I figure it should probably be named something different to make sure it's clear it would only work for hex wells.
It looks great!

One first improvement could be to expose a parameters that explicitly ask for the number of rings in the neighbors (first 6 ring etc.). Btw, how do I push to this specific PR from my local repo? I managed to pull it but can't figure out a way to push here and not on my fork.
Oh, sorry, I had completely missed your comment here!
It looks great!
Thanks! Can I ask why you used leiden clustering on this?
One first improvement could be to expose a parameters that explicitly ask for the number of rings in the neighbors
This should be easy enough. I'm curious as to whether this it's better to leave this up to whatever algorithm is being used however, since the one step graph has some nice properties. It'd probably be important to include distance in the multistep graph.
Btw, how do I push to this specific PR from my local repo?
This should be fairly straight forward. If you're using the github cli, I think it should just be:
gh pr checkout 1383
# whatever changes
git push
Let me know if that gives you errors, since it might be a repository permissions issue.
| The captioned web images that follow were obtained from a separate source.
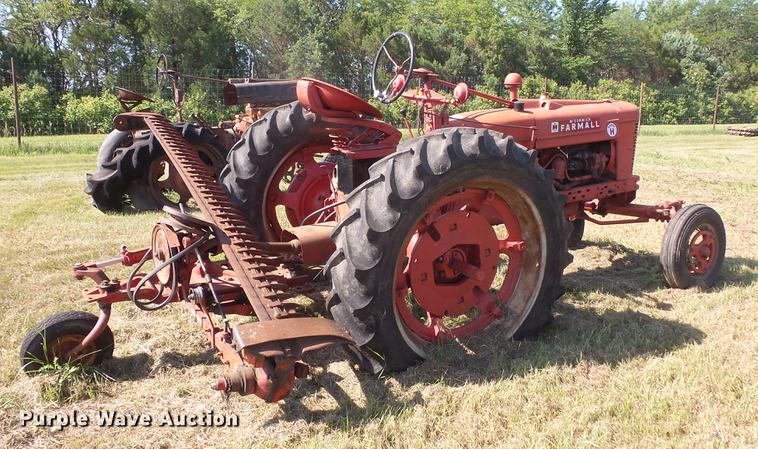image for item EV9047 Farmall Super H tractor
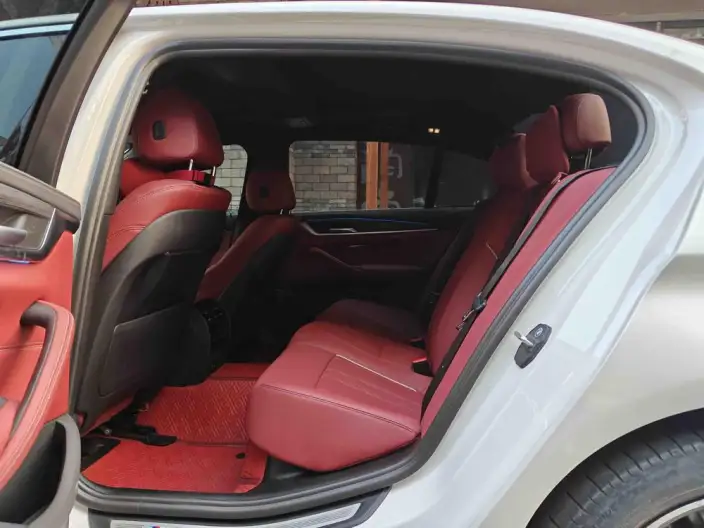 BMW 5 Series PHEV 2022 Model 535Le M Sports Set – фото 8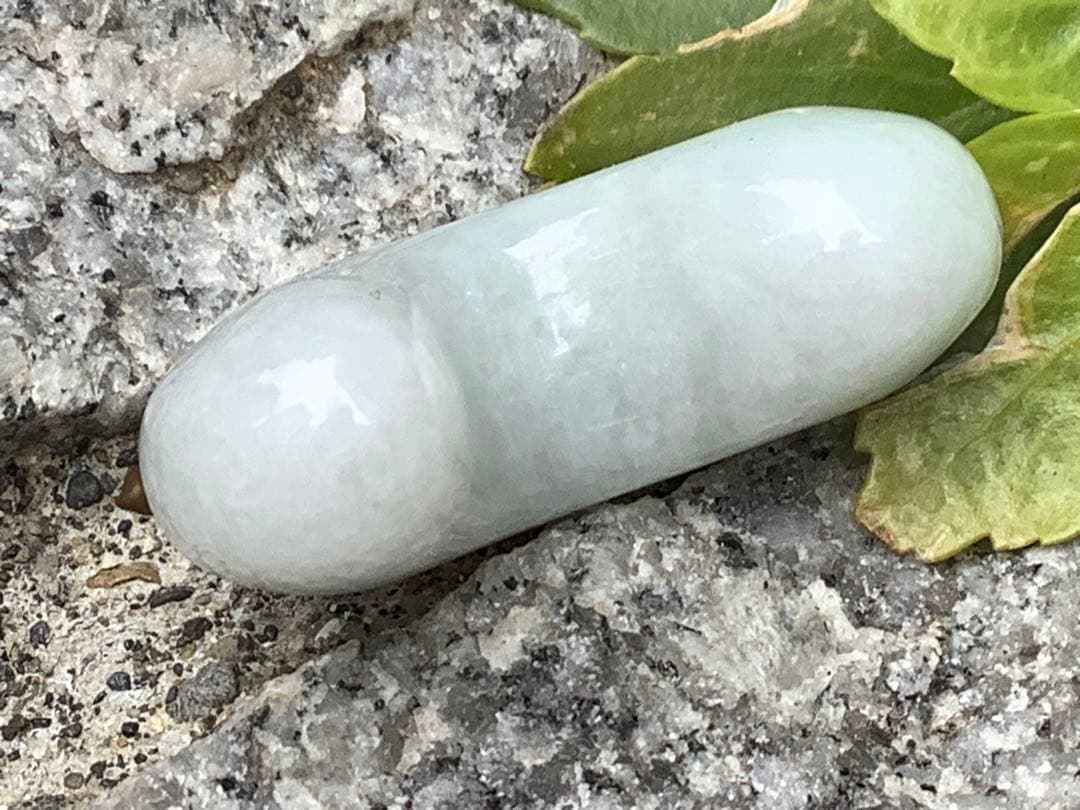 最低20万円以上の勾玉‼️御守り　糸魚川翡翠勾玉　商品に自信あり‼️鑑別書付本物を‼️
@ivirshup @giovp i have updated the function, now it can process non-visium coordinates and have the number of rings option for visium. https://github.com/theislab/spatial-tools/blob/graph/notebooks/build_spatial_graph.ipynb
That's great, I'll add Isaac to that project so he can see code (repo is private). Let's discuss whether to integrate in scanpy at next meeting! Thank you Sergei !
Hey! I was just getting back to this, and I'm not sure I agree with all the choices made in the updates. For example, I would probably rather have separate functions for different spatial neighbor strategies. Also this won't work if coord_type isn't "visium".
Should I be making changes to this PR, or are you relying on it?
hexagonal connectivity
I would propose a separate function just for visium data, maybe called visium_connectivity. It works with the assumption of a hexagonal grid. This removes the neigh, radius, and coord_type arguments.
I think if we have an argument for n_rings there should be some way to weight the connectivity graph by how many steps away each extra point is. Also I'm pretty sure the current implementation of n_rings is incorrect when n_rings>2.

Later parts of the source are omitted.